El 2 de octubre del 2018 en el consulado de Arabia Saudita en Estambul fue cruelmente asesinado, con una inyección letal y posteriormente descuartizado, el periodista Jamal Khashoggi, a la sazón columnista de “The Washington Post”, medio en el que no escatimaba críticas contra Mohammed Bin Salman (MBS), el malévolo príncipe reinante de esa monarquía absolutista y teocrática, que constituye uno de los principales aliados de Estados Unidos e Israel en Medio Oriente.
La minuciosidad con la que se cometió el crimen a manos de agentes de inteligencia de Riad -que conocían que el hombre de prensa tenía cita en el consulado para recoger unos documentos necesarios para contraer matrimonio- no dejan dudas sobre la autoría del crimen. MBS estaba obsesionado con eliminar a Khashoggi, que le malograba con sus acuciosos artículos la lavada de cara que el príncipe quería darle al Reino del Desierto para atraer inversionistas.

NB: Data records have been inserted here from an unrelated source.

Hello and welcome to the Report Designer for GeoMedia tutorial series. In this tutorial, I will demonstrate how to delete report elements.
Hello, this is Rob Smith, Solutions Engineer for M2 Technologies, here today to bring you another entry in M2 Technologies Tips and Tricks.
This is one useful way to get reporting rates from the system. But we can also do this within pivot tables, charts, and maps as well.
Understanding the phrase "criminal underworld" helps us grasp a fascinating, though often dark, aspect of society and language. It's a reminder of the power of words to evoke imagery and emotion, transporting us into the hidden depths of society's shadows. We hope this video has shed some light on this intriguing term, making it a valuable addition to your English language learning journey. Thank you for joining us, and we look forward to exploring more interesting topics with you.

► Las “escalofriantes” grabaciones secretas del asesinato del periodista Jamal Khashoggi
►Un año después de su asesinato y descuartizamiento el caso de Jamal Khashoggi sigue impune
El 23 de diciembre pasado el fiscal general, tras un proceso a puertas cerradas y en el que los acusados permanecieron en el anonimato, anunció que cinco ciudadanos saudíes fueron condenados a muerte por el execrable crimen y que otros seis recibirán penas de hasta veinte años.
Contra la opinión de la relatoría de la ONU, de la propia CIA -que recibió las grabaciones de lo que sucedió exactamente en el consulado- y de Turquía, que había pedido la extradición de 18 saudíes, la sentencia excluyó de toda responsabilidad a Mohammed Bin Salman y a su círculo cercano. “Hemos determinado que el asesinato no fue premeditado”, señala el comunicado de la Corte de Justicia, cuyo veredicto pretende limpiar de culpa a MBS, pero que de ninguna manera otorga justicia a Khashoggi, cuyo cuerpo no ha sido encontrado todavía.

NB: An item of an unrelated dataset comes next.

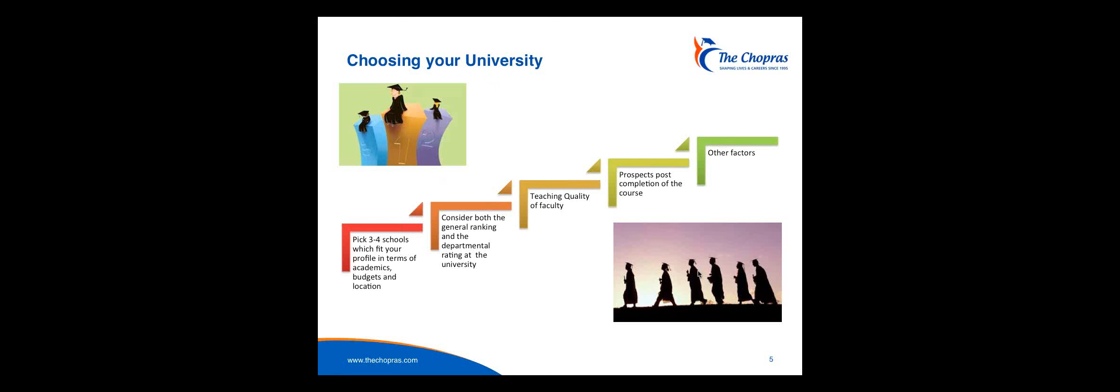Rankings are another criteria, but remember, rankings should not ever be the only criteria. A university may be high in ranking in general, but is it a good ranking for the subject that you want to learn? Is it a good ranking for what you want to study and be well known for? So we have to have a combination of both of these factors. And also the teaching quality is very, very important. There are some universities that will only bring in research students to teach you. Other universities will focus a great deal more on the teaching quality. While research students are good because they're up-to-date in the latest research, are they the quality that you want to be taught by?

Los cinco países del Consejo de Seguridad tuvieron acceso al proceso, pero ninguno ha soltado prenda sobre lo que sucedió en la corte. Londres tibiamente pidió que todos los responsables del asesinato rindan cuentas, mientras que Washington elogió “el paso importante” dado por Riad, y aunque pidió más transparencia, nadie osó mencionar que ese juicio es un escándalo, pues no responde a ningún estándar internacional de justicia.
Poco importa, los negocios están primero. MBS -que lanzará próximamente en bolsa a Aramco, la empresa paraestatal saudí que refina diariamente 5 millones 400 mil barriles de petróleo y ostenta el récord de las mayores emisiones de CO2 desde 1965- sigue enviando mensajes de apertura social, como el de permitir que las mujeres conduzcan autos o vayan al estadio, mientras que acrecienta la represión contra sus opositores. El asesinato de Khashoggi es una clara amenaza contra sus rivales, no importa donde se encuentren.
Y así, sin ningún pudor, desde el 1 de diciembre, Arabia Saudita asumió la presidencia del G20 para el 2020 y realizará, el 21 y 22 de noviembre próximo, la Cumbre del grupo en Riad, donde los principales líderes mundiales alternarán y harán jugosos negocios con aquel príncipe que nunca podrá librarse del estigma de llevar las manos manchadas de sangre.